Content starts

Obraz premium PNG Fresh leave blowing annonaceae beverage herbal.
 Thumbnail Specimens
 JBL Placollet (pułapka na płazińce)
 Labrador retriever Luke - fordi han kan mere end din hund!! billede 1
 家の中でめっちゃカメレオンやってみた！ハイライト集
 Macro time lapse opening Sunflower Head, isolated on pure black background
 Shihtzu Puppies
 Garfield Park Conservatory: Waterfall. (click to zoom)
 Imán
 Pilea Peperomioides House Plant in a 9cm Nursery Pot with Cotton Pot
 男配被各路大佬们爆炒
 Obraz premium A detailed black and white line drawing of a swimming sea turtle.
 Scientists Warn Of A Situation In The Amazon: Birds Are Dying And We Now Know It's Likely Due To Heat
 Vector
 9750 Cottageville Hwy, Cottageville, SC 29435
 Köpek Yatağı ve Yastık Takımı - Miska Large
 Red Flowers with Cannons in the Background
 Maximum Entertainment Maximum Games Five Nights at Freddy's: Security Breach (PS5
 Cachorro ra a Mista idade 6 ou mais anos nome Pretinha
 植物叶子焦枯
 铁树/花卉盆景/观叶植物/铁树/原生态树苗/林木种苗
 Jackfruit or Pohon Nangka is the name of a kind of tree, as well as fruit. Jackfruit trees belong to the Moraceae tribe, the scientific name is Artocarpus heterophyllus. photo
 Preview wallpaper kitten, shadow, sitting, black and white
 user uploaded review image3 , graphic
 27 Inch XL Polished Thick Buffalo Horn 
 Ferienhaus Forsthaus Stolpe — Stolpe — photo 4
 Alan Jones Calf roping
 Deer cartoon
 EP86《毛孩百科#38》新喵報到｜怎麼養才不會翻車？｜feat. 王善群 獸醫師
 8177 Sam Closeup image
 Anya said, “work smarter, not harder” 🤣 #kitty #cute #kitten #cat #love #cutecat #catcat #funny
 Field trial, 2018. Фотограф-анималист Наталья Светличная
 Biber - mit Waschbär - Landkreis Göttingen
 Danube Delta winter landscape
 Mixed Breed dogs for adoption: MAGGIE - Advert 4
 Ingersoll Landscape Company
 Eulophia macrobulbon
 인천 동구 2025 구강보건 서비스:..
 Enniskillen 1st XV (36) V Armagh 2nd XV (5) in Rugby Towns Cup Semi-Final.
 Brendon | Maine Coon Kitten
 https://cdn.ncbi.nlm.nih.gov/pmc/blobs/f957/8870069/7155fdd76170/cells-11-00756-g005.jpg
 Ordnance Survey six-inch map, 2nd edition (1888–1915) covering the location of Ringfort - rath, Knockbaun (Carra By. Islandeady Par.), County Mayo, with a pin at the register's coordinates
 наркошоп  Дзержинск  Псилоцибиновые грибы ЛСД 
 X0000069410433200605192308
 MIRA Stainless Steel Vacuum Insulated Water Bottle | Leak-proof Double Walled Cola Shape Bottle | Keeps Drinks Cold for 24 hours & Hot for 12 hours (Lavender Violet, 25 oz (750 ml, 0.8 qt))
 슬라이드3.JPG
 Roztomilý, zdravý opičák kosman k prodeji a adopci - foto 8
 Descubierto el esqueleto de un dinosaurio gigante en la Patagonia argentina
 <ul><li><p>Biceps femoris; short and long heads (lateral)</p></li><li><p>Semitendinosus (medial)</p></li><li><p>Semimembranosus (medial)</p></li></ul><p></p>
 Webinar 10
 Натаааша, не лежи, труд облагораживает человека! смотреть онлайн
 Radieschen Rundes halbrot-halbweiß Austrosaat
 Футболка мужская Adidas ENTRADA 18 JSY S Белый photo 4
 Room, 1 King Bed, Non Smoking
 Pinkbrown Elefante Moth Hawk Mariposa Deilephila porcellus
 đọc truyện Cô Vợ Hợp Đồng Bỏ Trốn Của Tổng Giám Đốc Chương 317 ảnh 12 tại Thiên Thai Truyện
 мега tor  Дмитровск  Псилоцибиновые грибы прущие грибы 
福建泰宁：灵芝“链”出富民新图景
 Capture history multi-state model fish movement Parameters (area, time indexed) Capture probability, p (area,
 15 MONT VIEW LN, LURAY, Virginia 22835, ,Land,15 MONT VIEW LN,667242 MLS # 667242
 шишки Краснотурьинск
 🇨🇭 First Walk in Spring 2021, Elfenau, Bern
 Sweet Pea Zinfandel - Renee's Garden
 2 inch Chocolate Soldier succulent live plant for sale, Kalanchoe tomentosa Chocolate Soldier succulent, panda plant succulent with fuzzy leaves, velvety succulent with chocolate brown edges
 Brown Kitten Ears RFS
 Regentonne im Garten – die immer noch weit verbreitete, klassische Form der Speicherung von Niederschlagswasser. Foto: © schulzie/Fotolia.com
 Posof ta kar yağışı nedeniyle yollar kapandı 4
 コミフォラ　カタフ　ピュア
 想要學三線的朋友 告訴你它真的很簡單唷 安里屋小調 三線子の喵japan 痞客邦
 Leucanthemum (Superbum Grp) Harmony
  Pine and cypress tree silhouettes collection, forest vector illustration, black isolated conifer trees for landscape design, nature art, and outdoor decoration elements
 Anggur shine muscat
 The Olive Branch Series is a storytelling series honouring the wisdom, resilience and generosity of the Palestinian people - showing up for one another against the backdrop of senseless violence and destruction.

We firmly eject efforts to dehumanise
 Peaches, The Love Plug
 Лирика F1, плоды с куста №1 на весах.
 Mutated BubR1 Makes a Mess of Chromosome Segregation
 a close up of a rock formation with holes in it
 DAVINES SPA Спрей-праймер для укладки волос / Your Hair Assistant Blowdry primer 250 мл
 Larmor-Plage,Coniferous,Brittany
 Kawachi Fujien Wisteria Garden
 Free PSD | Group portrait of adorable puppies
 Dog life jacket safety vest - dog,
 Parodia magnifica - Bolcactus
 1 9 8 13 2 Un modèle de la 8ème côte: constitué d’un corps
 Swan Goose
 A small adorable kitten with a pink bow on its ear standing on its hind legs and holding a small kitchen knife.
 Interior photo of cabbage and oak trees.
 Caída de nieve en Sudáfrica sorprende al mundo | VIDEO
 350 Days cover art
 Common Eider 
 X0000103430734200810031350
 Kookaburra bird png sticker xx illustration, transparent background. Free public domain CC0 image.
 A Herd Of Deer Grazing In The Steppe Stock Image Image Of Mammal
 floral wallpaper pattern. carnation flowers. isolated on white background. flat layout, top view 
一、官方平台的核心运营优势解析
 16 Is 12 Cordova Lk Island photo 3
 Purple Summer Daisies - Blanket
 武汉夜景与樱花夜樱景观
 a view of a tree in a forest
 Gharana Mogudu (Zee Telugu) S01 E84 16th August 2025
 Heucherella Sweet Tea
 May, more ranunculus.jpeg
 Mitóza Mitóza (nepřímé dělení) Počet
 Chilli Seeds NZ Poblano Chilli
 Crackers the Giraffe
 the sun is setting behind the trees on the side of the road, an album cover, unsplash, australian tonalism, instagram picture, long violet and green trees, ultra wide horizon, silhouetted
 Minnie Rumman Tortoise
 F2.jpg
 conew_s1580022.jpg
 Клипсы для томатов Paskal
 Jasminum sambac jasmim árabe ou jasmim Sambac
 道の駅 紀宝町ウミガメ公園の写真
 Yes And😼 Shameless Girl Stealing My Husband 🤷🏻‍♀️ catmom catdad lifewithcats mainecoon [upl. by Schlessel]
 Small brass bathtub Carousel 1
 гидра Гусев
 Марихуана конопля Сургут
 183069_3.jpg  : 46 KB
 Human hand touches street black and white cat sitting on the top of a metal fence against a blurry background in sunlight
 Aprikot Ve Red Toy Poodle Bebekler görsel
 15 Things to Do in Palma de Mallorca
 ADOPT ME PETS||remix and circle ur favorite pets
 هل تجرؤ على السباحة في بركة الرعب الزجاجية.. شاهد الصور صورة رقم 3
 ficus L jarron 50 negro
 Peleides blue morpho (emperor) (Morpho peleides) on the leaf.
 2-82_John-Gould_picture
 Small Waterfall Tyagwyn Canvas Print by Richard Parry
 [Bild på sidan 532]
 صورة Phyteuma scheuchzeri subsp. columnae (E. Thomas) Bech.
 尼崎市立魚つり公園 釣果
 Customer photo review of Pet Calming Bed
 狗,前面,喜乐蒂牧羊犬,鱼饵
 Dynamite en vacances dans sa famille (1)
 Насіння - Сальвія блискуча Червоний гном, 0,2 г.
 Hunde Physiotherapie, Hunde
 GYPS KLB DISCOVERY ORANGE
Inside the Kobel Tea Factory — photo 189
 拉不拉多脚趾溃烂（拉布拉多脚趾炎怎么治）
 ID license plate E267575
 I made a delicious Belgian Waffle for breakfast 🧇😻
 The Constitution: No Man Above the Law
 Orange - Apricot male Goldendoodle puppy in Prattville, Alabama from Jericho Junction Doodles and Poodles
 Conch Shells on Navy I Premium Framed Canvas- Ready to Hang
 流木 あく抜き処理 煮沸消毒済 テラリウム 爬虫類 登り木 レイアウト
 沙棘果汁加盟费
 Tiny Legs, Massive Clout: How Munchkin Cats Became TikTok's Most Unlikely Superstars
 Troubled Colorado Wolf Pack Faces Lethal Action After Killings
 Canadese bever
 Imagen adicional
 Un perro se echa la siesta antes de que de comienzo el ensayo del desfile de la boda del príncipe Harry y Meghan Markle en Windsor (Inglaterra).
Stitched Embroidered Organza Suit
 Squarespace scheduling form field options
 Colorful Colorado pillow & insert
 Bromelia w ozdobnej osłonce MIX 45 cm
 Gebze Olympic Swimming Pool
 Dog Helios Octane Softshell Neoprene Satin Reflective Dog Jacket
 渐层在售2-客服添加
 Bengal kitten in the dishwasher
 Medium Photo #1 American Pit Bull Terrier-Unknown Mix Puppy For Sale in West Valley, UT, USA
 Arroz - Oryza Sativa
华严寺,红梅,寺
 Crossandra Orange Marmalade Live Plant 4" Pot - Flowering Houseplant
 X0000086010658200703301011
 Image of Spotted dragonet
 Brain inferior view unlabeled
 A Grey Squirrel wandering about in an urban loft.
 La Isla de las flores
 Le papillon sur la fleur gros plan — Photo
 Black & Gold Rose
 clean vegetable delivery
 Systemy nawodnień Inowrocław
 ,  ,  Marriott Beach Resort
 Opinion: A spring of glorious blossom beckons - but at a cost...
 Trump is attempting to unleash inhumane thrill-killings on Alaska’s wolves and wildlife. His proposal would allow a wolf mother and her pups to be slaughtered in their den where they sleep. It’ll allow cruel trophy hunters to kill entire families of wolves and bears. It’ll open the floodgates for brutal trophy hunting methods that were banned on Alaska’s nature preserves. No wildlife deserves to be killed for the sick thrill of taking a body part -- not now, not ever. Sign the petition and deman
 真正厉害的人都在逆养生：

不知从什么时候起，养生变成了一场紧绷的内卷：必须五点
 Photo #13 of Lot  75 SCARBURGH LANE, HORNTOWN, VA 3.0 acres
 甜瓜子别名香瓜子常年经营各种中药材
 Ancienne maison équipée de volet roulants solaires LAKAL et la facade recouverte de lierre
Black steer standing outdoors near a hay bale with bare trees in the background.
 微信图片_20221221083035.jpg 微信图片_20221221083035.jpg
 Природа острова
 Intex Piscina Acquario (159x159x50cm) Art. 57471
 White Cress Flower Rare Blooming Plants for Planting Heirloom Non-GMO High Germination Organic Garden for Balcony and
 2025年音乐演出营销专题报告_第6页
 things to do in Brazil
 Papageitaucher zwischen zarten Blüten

Content ends

## Task to complete:
Each line from the one holding "White Cress Flower" to the end of the entries is to be written out exactly. Skip every line before it.

## Reply:
 White Cress Flower Rare Blooming Plants for Planting Heirloom Non-GMO High Germination Organic Garden for Balcony and
 2025年音乐演出营销专题报告_第6页
 things to do in Brazil
 Papageitaucher zwischen zarten Blüten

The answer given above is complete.